PROVIDED RECORDS
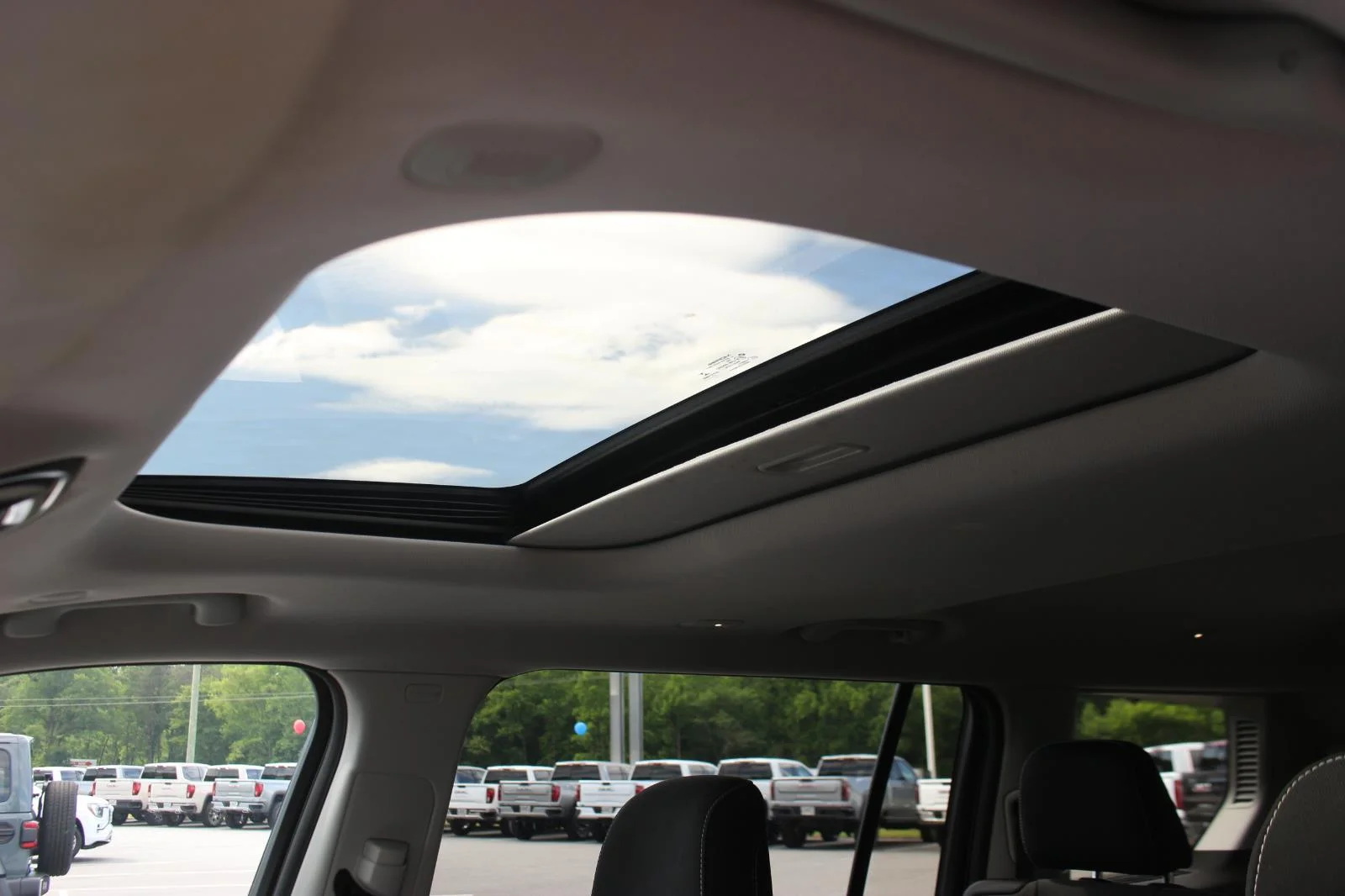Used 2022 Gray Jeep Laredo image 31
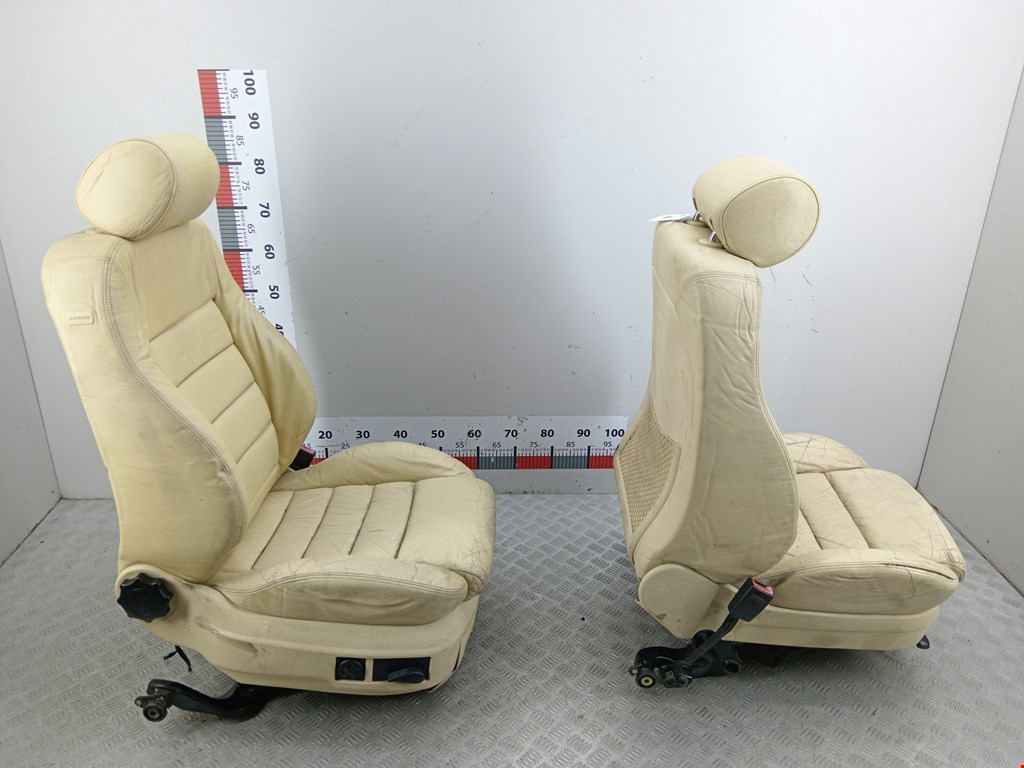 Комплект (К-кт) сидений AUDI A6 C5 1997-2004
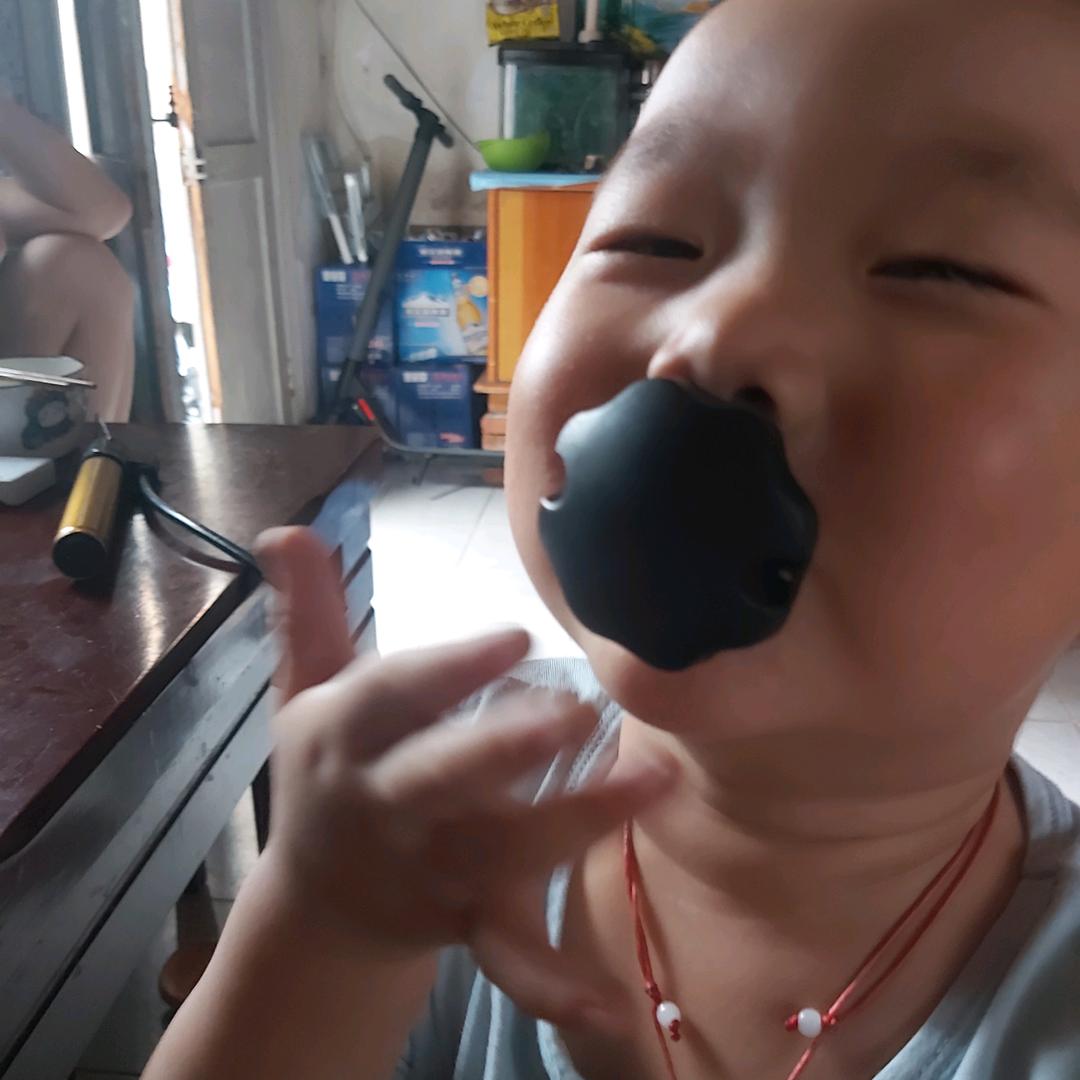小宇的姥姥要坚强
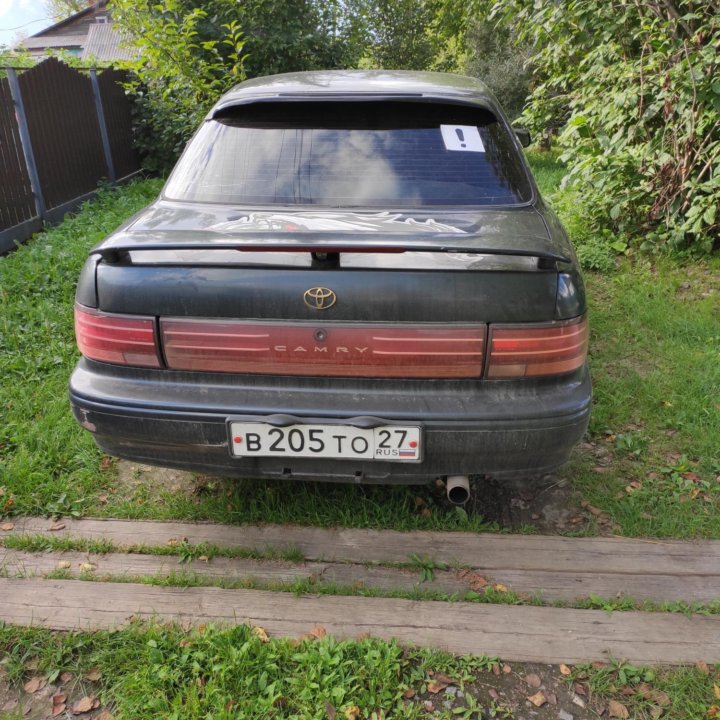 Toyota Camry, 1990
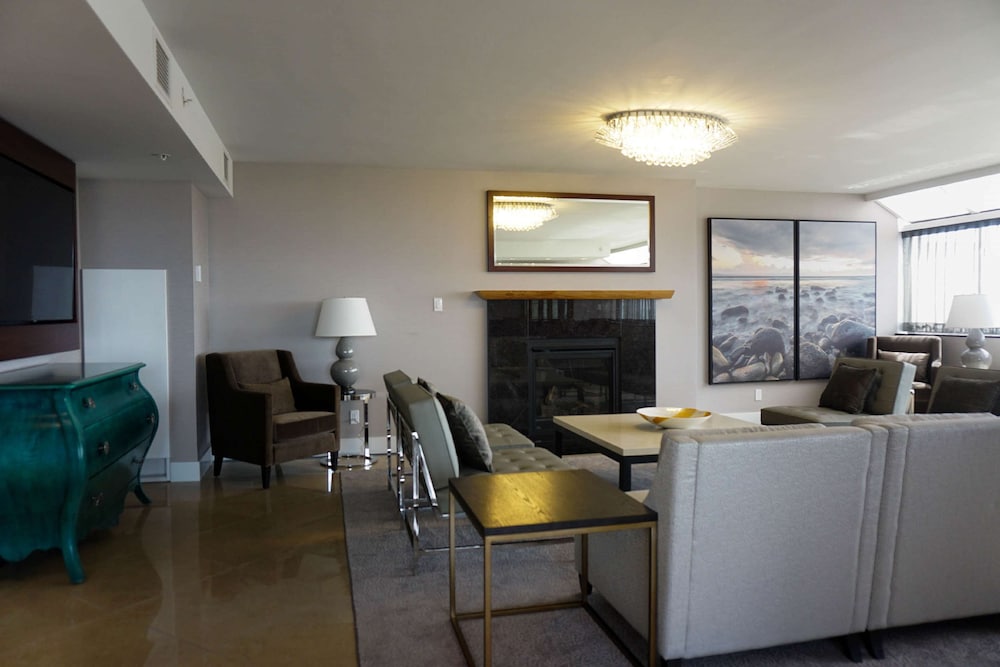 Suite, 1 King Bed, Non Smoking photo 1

TASK STATEMENT
Without the images, print all of the lines above exactly.

RESPONSE TO THIS TASK
Used 2022 Gray Jeep Laredo image 31
 Комплект (К-кт) сидений AUDI A6 C5 1997-2004
小宇的姥姥要坚强
 Toyota Camry, 1990
 Suite, 1 King Bed, Non Smoking photo 1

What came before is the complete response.